Our neighbor has 2 giant and very healthy lemon trees in his back yard. They were there when he bought the place and there are waaay too many lemons for just him. I mentioned I liked to bake with lemons…and I got gifted a bunch, so I’ll be making many lemon desserts over the next week or so.
Ingredients
- 4 eggs, brought to room temperature
- ½ cup sugar
- ¼ cup olive oil
- ¼ cup butter, brought to room temperature
- ¼ cup fresh lemon juice (about 1 lemon)
- 2 t vanilla
- 1 ½ cups flour
- 2 t baking powder
- Pinch of salt
- 1 T lemon zest (also about 1 lemon)
- Powdered sugar for dusting
Directions
Put the eggs and sugar into a bowl and mix until the sugar is pretty well dissolved.
Add in the olive oil, butter, lemon juice and vanilla and mix again until well combined.
Slowly add in the flour, mixing as you go, until it is just combined. Next, add in the baking powder and salt and mix until well combined. And finally add in the lemon zest and stir with a spoon until the zest is well distributed in the batter.

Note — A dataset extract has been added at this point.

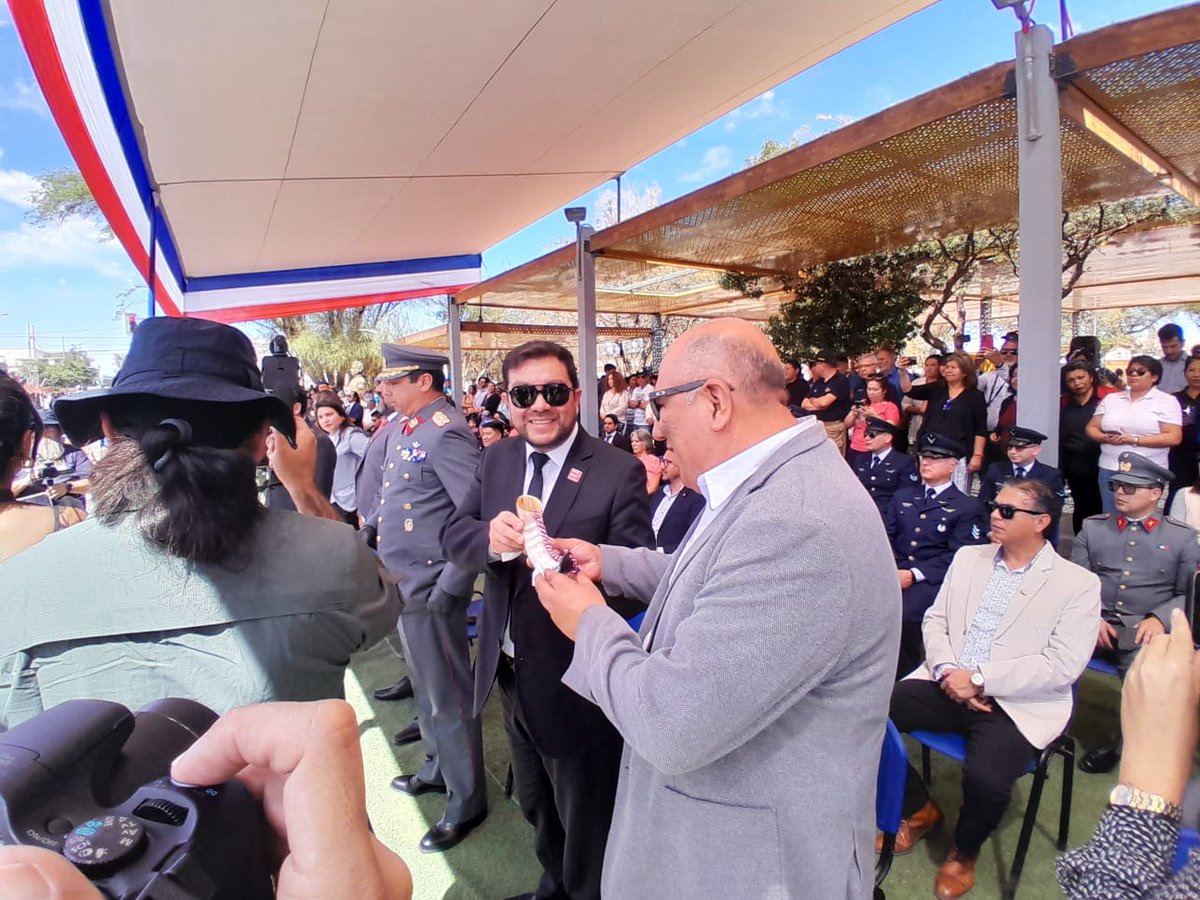 En el marco de las celebraciones por Fiestas Patrias, el SEREMI de Economía participó en el tradicional desfile cívico-militar realizado en la comuna de Pozo Almonte.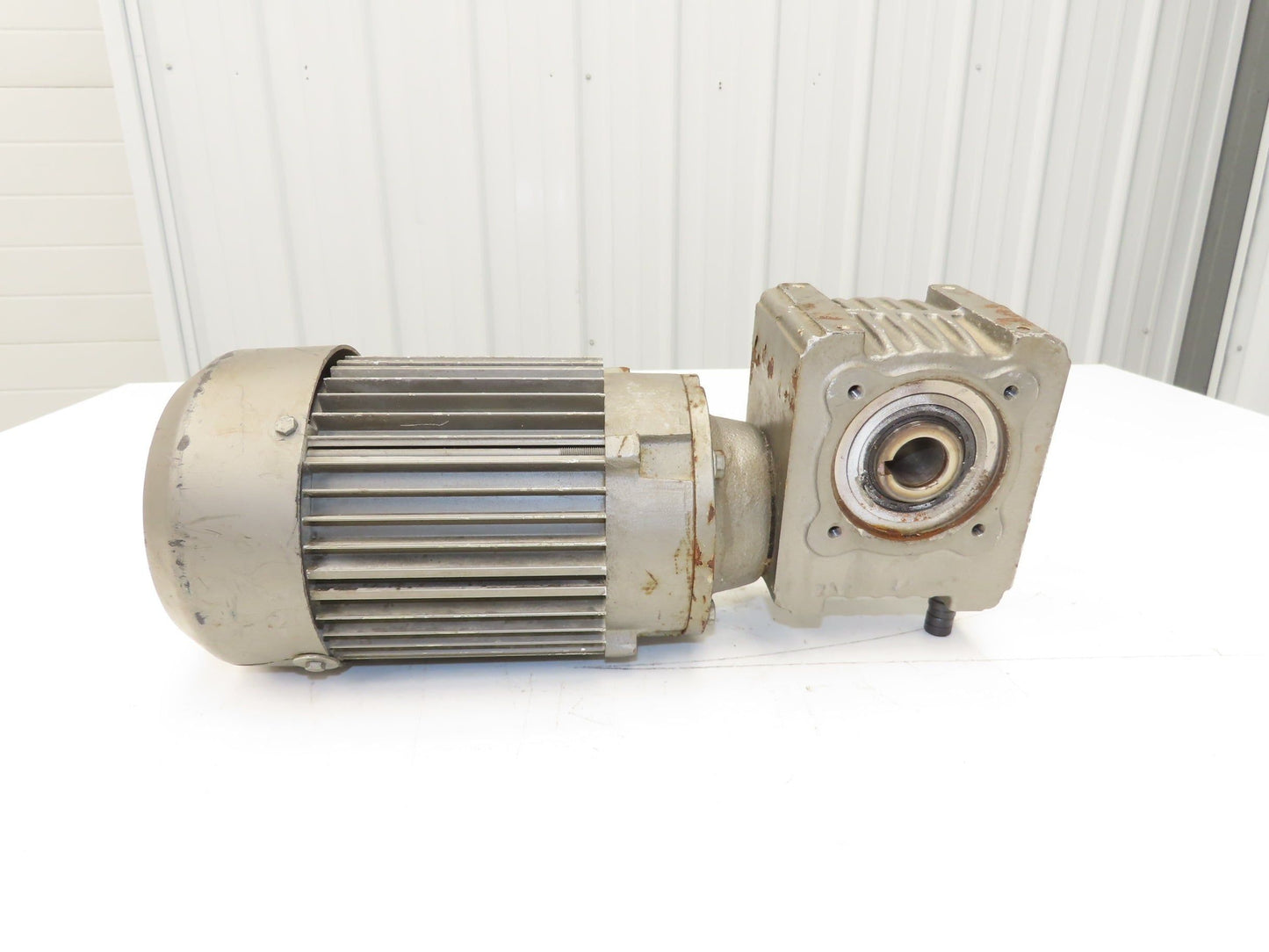 Schubert 4DF71B-4 Gearmotor 39:1 Ratio 40rpm 1/2Hp 230/460V Hollow Shaft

Refrigerate the bowl for about a half hour. I usually use this time to clean up (because I invariably make a bigger mess than I should).
After you’ve cleaned up, get your madeleine pan and brush with olive oil. Take your batter out of the fridge and portin it evenly among the 12 madeleine molds.

Bake at 350 for about 13-15 minutes, or until the edges turn a nice golden brown and the centers spring back when touched lightly.

Move the entire madeleine sheet to a wire rack to cool for a minute or two, then transfer the cookies to the rack to finish cooling.
When you’re ready to serve, lightly sprinkle with powdered sugar.
Makes about 30 delicious lemon madeleines!